WHAT YOU HAVE TO DO
Quote all of the data that follows exactly as written, skipping the images.

DATA SECTION
Content starts

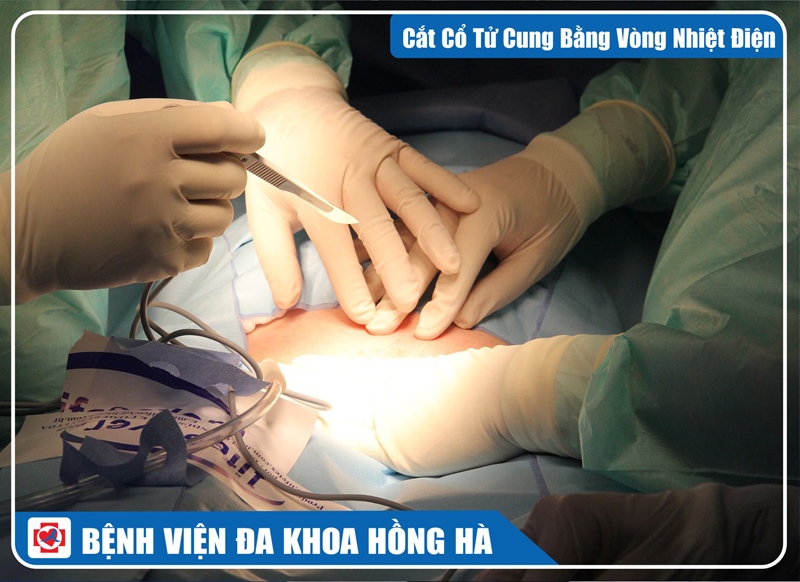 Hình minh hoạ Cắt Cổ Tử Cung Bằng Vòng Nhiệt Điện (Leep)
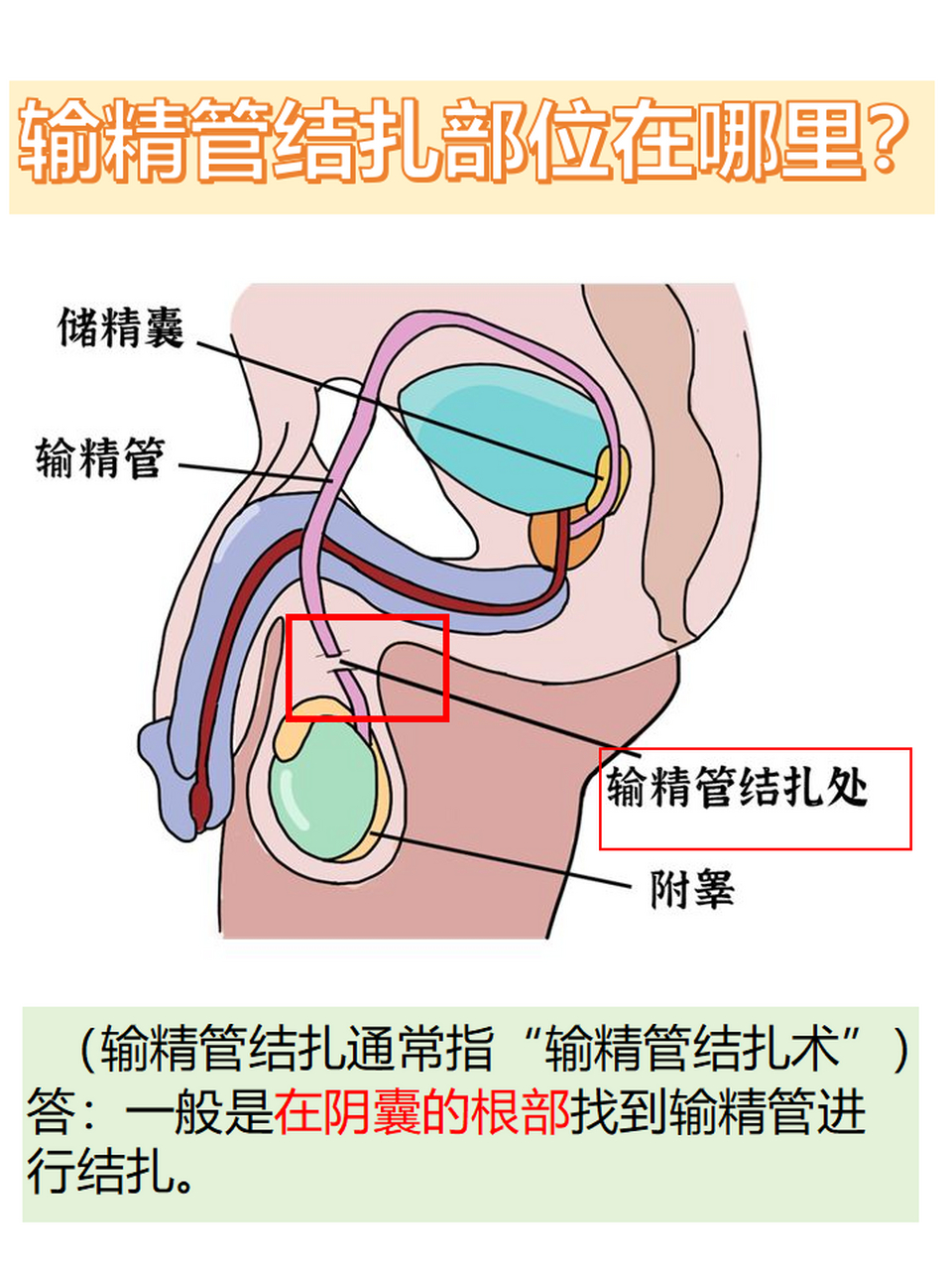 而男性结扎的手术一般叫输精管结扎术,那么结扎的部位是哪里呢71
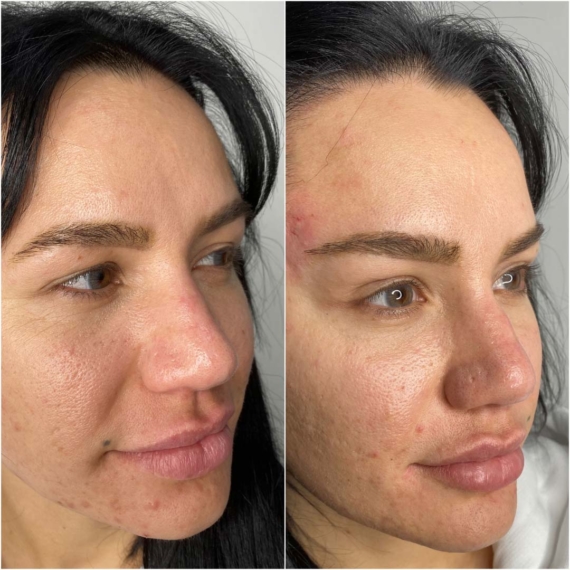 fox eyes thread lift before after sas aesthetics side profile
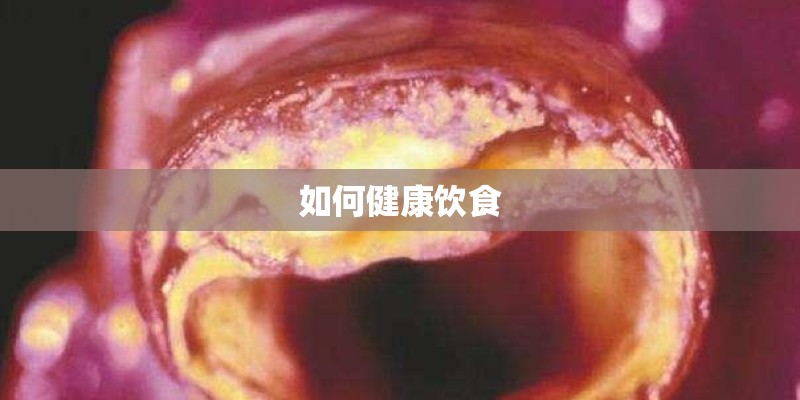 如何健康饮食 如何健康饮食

Content ends

ANSWER BELOW
 Hình minh hoạ Cắt Cổ Tử Cung Bằng Vòng Nhiệt Điện (Leep)
 而男性结扎的手术一般叫输精管结扎术,那么结扎的部位是哪里呢71
 fox eyes thread lift before after sas aesthetics side profile
 如何健康饮食 如何健康饮食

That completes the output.